P.S. If the solution to the integral for general P is too complicated, a solution to the special case $P=1/2$ would be appreciated as well.

  • 0
    a. for large $N$, $\langle \hat H \rangle$ will approach $-[P \log P + (1-P) \log (1-P)]$.2011-03-04
  • 0
    For the second part, the estimated entropy depends on the deviation of the estimated P from the real P. You can estimate this since $\hat{P}$ has a binomial (and so approximately normal) distribution. Presumably you can estimate the minimal $\hat{H}$ this way (just take the largest deviation from $P$).2011-03-04
  • 0
    @Fabian: Thanks, thats true.2011-03-06
  • 0
    @Yuval: Thanks, it makes sense, so you are suggesting to approximate $\hat{P}$ distribution with normal, and then calculate the expected value (solve the integral for that?)2011-03-06
  • 0
    If you can solve the integral...2011-03-06
  • 0
    Can we use beta integrals for first part as following: $$f(\alpha,\beta)= -\int_{0}^{1}p*Log[p] *p^{\alpha +1}(1-p)^{\beta +1}$$ $$\left \langle \hat{H} \right \rangle = f(\alpha,\beta)+f(\beta,\alpha)$$ where $\alpha,\beta$ are beta distribution parameters related to $N_0,N_1$. Can anyone check the solution to the above integral with Mathematica?2011-03-07
  • 0
    In fact, I am suggesting the above, for a better estimation for $H$ given $N_0$, $N_1$. the integral is with respect to $p$.2011-03-07

1 Answers 1

1

As noted in the comments, there is no general exact formula for $\langle \hat H_N\rangle$ but, for large $N$, one can approach it by a $\chi^2$-type limit.

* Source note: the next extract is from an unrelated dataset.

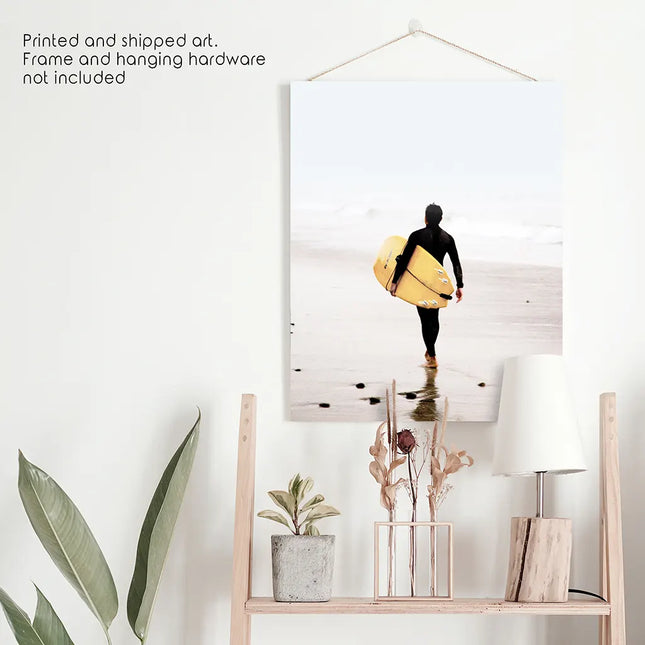 Yellow Surfboard Poster. Coastal Lifestyle Themed Print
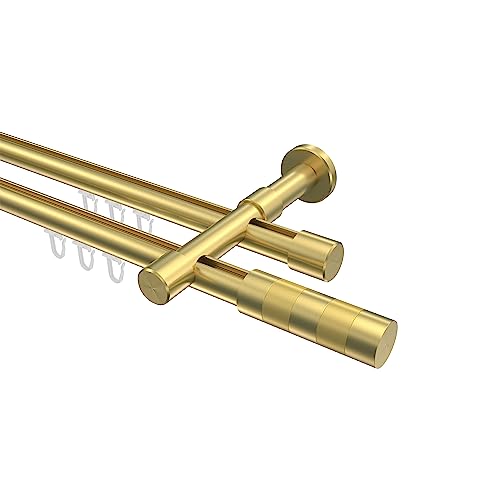 Interdeco Gardinenstangen mit Innenlauf Messing Optik 20 mm Ø 2-läufig Prestige Mavell, 400 cm von INTERDECO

To wit, $N_1=pN+v\sqrt{N}Z_N$ with $v^2=p(1-p)$, $\langle Z_N\rangle=0$ and $\langle Z_N^2\rangle=1$ for every $N$ and, when $N\to+\infty$, $Z_N$ converging in distribution to a standard normal random variable.

Hence $\hat P_N=p+U_N$ and $1-\hat P_N=q-U_N$ with $q=1-p$ and $U_N=vZ_N/\sqrt{N}$, and $$ \hat H_N=-(p+U_N)\log(p+U_N)-(q-U_N)\log(q-U_N). $$ Using the expansions $$ \log(p+U_N)=\log(p)+U_N/p-U_N^2/(2p^2)+o(U_N^2), $$ and $$ \log(q-U_N)=\log(q)-U_N/q-U_N^2/(2q^2)+o(U_N^2), $$ one gets $$ \hat H_N=-p\log(p)-q\log(q)+U_N\log(q/p)-U_N^2/(2pq)+o(U_N^2). $$ Since $\langle U_N\rangle=0$, $\langle U_N^2\rangle=v^2/N$ and $v^2=pq$, one gets $$ \langle \hat H_N\rangle=-p\log(p)-q\log(q)-1/(2N)+o(1/N). $$